I guess I have to admit that I’ve been a bitter old hag the last while. In fact, I was so depro about life that even found myself gorging on ginger biscuits – in Caro world, something only marginally less revolting than Pistachio – and spending whole days trapped in front of my laptop in sweat pants and an oily ponytail. That, dear friends, is the downside of having a home-run small business – some days, it consumes you to the point where you realise that it’s 3pm and you haven’t yet brushed your teeth.

But back to why I lost my sparkle for a while. Predictably, my issues were family-related. Now, other than the fact that those pieces that I started with genuinely sucked, I didn’t actually feel comfortable posting the kind of vitriol they contained. The problem with family is that you see them from time to time, so writing about them opens the door for a whole lot of awkward.

That said, I might as well disclose what angered me so:

  1. Dear old Uncle S – a person I see less than I see cows with a manicures – allowed his duck-footed Jack Russell to roam into our garden and brutally kill one of our cats. Poor old Kietsie was a real lady – almost 20 years old and probably the oldest friend I had. He didn’t even bother to apologise (but might one day in the not-too-distant future be forced to do so under threat of me not disclosing which shelter I dropped the beast off at).
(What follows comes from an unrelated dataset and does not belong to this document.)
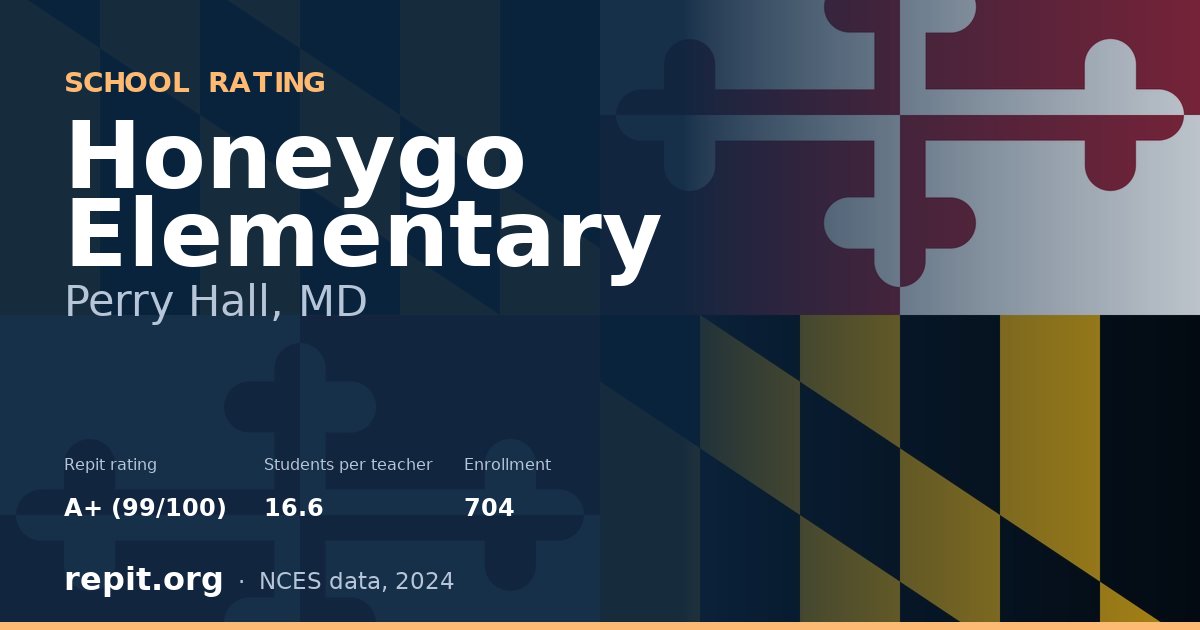 Honeygo Elementary, Perry Hall, MD — Repit school rating A+ (99/100)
What I wrote that day can only be described as a combination of a soppy obituary and death threat.  Not kosher.

  1. The second piece was about the unfairness of cousin X getting a fat donation to start a beauty business. Not 200 bucks to buy a tube of nail glue and some two-tone traffic light pamphlets – enough for designers and shop fitters and champagne shooters and Sandton.

You can imagine – woe is me! Life is unfair! Why, oh why, do I get nothing  when I’m the one with an actual small business? Sob, sob… Crybaby, crybaby… Snot, snot. Basically, moaning at length about how some of us have to work hard to get something, while others just get given a trust fund.

Anyway, I’m back from Bitterness and back to writing.

Bizarrely, I feel that I have too much and too little to write about simultaneously – fellow bloggers will know the feeling. After an absence from writing, so many half-formed ideas float around without sense attached.

So herewith some random bits of not-real writing:

There was a request to blog about car guards – all I can say is, good on them for perfecting the art of guilt-tripping people into paying for absolutely nothing. Also that the person who founded Interpark is a scoundrel-genius.

There was an idea to write about how budget jeweler American Swiss has now managed to make its once iconic billboards less entertaining than those for a community AIDS project (and, dare I say it, Spur).

 Just to give you a taste of the old American Swiss:



 Actually, they’re not as earth-shattering as I remember. But they damn well got noticed between the clutter of shit like Jacob Zuma and Co grimacing in miner’s hats to promote NUM or local government or who knows what.

 Now they’re just boring.

Much as I hate Spur – how do they fool people into paying so much for such mediocre food? – their latest ads are good, but not on Google. So on to those safe sex slogan signs I saw in Bronkhorstspruit. Punny, rhymey, and complete with two smiling, dancing condoms dispensing advice, I found them awkwardly amusing but rather pointless. I can’t help but think that graphic depictions of rotting penises might work as a better deterrent from promiscuity in communities where illiteracy is high, but maybe I’m underestimating the power of humour.

In case anyone reading this is dumb enough to be having casual sex, a few words of caution from the Ndlovu Care Group:


“Take Prick-cautions!”

 “If you love her, use a cover!”

 And my personal favourite:

 “Be a man, not a fool

Put a condom on your tool”

 Oh, and here’s what the sign outside of their Couple’s Counseling Centre says:

 “The best couples COME TOGETHER!”

 Thing is, you only see the centre after being horribly confused by the shift in focus – who cares about orgasms when you’re trying to get a message about AIDS across? – and then realise what’s going on.

 Anyhoo – enough of this rambling post.

 I promise to write something cohesive again soon ;).

 To Chantel Thompson, thank you for reminding me to write. This post – and the next (proper!) one – goes out to you.




















4 Responses to “Random bits of not-real writing”

  1. verasilver August 15, 2012 at 5:27 pm #

    Best of luck getting some writing done 🙂 I know it can be tough!

  2. Jenna August 22, 2012 at 9:30 pm #

    If this is the crap you do put your name to, I wouldn’t want to see what you’re not willing to put your name to!